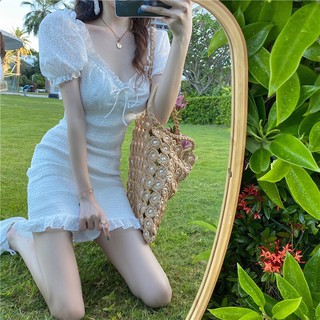Đầm váy trắng ôm nhún chỉ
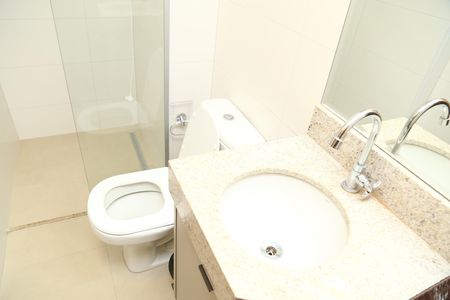 Apartamento à venda com 227m², 4 quartos e 3 vagasBanheiro 5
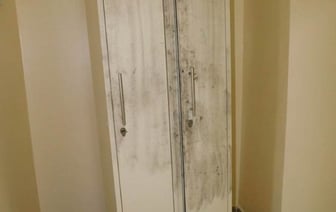 Белорус спрятал в рабочем шкафчике 8000 рублей. Не повторяйте его ошибку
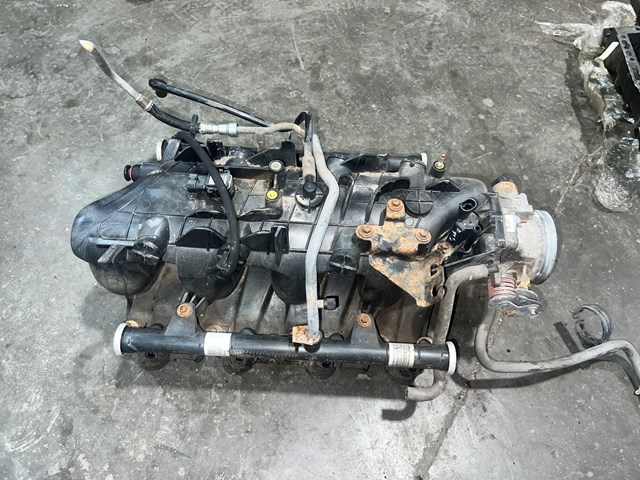 2004 Chevy Silverado 2500 6.0L Intake Manifold W/ Fuel Rail OEM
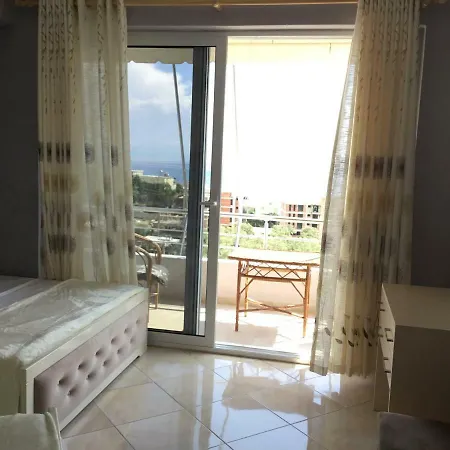 Holiday Home Qeparo Apartment *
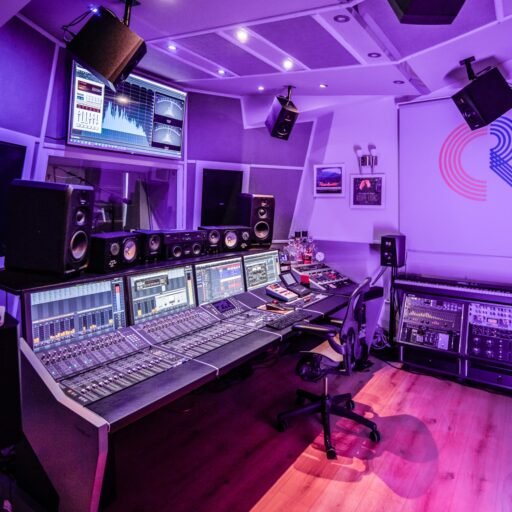 MUSIC STUDIO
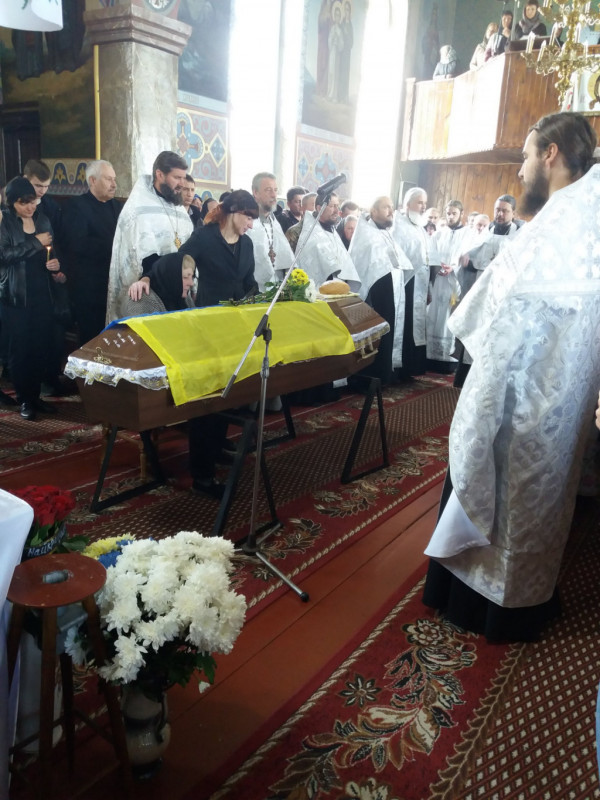 Віддав життя за вільну і незалежну Україну: В останню земну дорогу провели волинського воїна - Андрія Дудіка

→ Work instructions: The material is to be written out word for word, and the pictures are to be left out.

→ Finished exercise:
Đầm váy trắng ôm nhún chỉ
 Apartamento à venda com 227m², 4 quartos e 3 vagasBanheiro 5
 Белорус спрятал в рабочем шкафчике 8000 рублей. Не повторяйте его ошибку
 2004 Chevy Silverado 2500 6.0L Intake Manifold W/ Fuel Rail OEM
 Holiday Home Qeparo Apartment *
 MUSIC STUDIO
 Віддав життя за вільну і незалежну Україну: В останню земну дорогу провели волинського воїна - Андрія Дудіка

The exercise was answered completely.